_Task goal_
The entire listing below should be output exactly as it stands.

_Data extract_
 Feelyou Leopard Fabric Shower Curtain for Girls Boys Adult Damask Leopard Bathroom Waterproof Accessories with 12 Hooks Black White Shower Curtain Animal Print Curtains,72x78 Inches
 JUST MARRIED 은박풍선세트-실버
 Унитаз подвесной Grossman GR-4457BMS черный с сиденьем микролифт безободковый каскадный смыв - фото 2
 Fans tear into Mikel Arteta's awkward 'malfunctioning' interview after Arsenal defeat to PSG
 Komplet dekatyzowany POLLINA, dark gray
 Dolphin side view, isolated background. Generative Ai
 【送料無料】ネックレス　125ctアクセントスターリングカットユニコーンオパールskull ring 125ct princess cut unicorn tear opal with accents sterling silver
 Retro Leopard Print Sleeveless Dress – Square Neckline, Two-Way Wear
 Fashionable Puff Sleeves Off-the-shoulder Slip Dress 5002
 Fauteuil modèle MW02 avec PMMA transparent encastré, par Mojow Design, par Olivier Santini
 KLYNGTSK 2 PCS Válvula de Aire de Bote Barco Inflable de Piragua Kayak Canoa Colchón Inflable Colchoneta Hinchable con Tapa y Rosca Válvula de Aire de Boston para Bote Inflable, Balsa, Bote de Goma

_Reply to the exercise_
 Feelyou Leopard Fabric Shower Curtain for Girls Boys Adult Damask Leopard Bathroom Waterproof Accessories with 12 Hooks Black White Shower Curtain Animal Print Curtains,72x78 Inches
 JUST MARRIED 은박풍선세트-실버
 Унитаз подвесной Grossman GR-4457BMS черный с сиденьем микролифт безободковый каскадный смыв - фото 2
 Fans tear into Mikel Arteta's awkward 'malfunctioning' interview after Arsenal defeat to PSG
 Komplet dekatyzowany POLLINA, dark gray
 Dolphin side view, isolated background. Generative Ai
 【送料無料】ネックレス　125ctアクセントスターリングカットユニコーンオパールskull ring 125ct princess cut unicorn tear opal with accents sterling silver
 Retro Leopard Print Sleeveless Dress – Square Neckline, Two-Way Wear
 Fashionable Puff Sleeves Off-the-shoulder Slip Dress 5002
 Fauteuil modèle MW02 avec PMMA transparent encastré, par Mojow Design, par Olivier Santini
 KLYNGTSK 2 PCS Válvula de Aire de Bote Barco Inflable de Piragua Kayak Canoa Colchón Inflable Colchoneta Hinchable con Tapa y Rosca Válvula de Aire de Boston para Bote Inflable, Balsa, Bote de Goma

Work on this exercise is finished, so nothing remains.